Problem details >> Taking the line with "Beginner DIY Embroidery" as the first and the last line of the listing as the final one, please copy exactly those lines and no others, without pictures.
—————
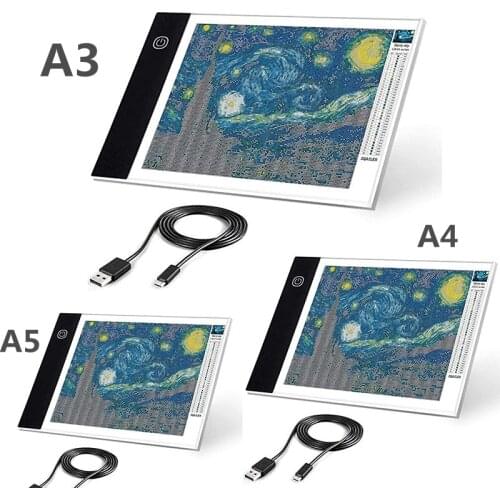 A3/A4/A5 Size Drawing Tablet Led Light Pad Tablet Diamond Painting Eye Protection Bright Copy Board Diamond Embroidery art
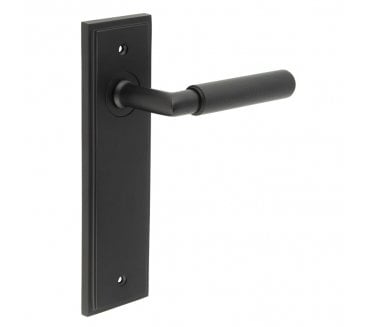 Burlington Piccadilly Knurled Door Handles On Backplate - Matt Black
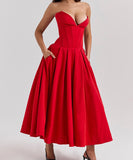 Sexy Sleeveless Plunging Dress Solid Color Polyester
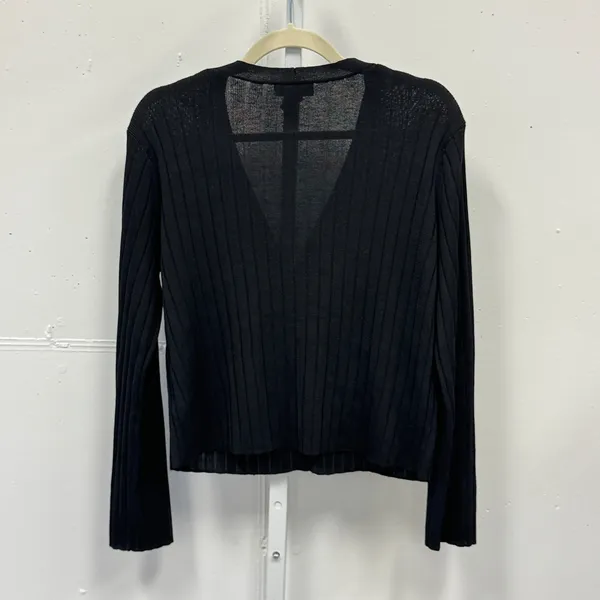 H&M Ribbed Knit V-Neck Button Front Cardigan‎ Sweater Small Black Casual - Image 2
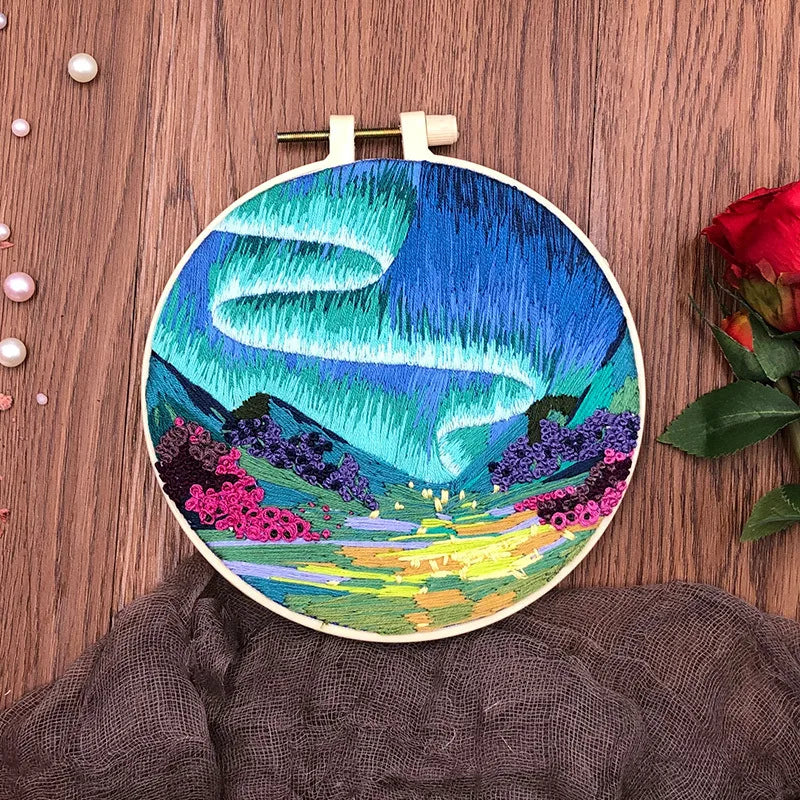 Beginner DIY Embroidery Kit – Night Sky Aurora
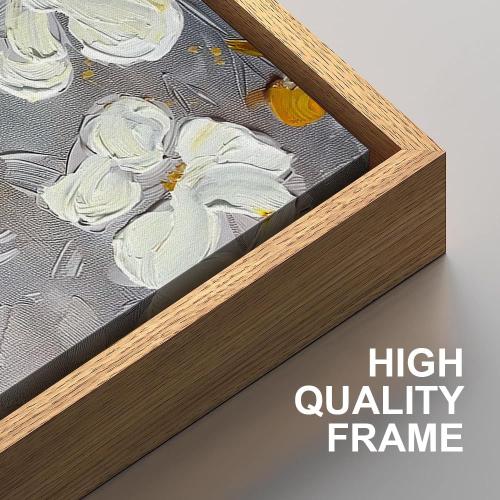 HPNIUB Large White Flower Framed Wall Art Modern White and Gold Floral Canvas Oil Painting Nature Botanical Wall Decor Abstract Aesthetic Artwork for Living Room Bedroom Decor -20x40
—————
Solution for this task >>
 Beginner DIY Embroidery Kit – Night Sky Aurora
 HPNIUB Large White Flower Framed Wall Art Modern White and Gold Floral Canvas Oil Painting Nature Botanical Wall Decor Abstract Aesthetic Artwork for Living Room Bedroom Decor -20x40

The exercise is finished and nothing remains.